--- START ---

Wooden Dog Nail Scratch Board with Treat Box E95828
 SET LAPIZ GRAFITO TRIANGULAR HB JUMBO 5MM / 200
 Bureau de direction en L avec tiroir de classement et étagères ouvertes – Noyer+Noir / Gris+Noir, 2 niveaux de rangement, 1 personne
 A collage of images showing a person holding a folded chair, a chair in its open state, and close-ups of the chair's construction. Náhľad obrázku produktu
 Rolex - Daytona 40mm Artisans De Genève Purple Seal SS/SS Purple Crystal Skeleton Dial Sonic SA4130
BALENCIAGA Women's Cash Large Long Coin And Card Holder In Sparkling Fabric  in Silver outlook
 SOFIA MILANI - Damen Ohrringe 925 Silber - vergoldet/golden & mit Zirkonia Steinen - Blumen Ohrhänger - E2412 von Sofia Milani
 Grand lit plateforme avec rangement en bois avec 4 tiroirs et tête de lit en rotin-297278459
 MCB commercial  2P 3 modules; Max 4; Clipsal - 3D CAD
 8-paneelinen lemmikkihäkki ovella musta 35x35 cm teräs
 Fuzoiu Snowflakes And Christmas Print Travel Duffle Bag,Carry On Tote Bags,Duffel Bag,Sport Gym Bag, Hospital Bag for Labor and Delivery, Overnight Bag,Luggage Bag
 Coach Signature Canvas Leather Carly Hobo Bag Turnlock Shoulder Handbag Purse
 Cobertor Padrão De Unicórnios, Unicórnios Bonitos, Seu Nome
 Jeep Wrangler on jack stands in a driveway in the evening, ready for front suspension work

--- END ---

Could you copy each line from the listing that has the word "rangement" in it?

 Bureau de direction en L avec tiroir de classement et étagères ouvertes – Noyer+Noir / Gris+Noir, 2 niveaux de rangement, 1 personne
 Grand lit plateforme avec rangement en bois avec 4 tiroirs et tête de lit en rotin-297278459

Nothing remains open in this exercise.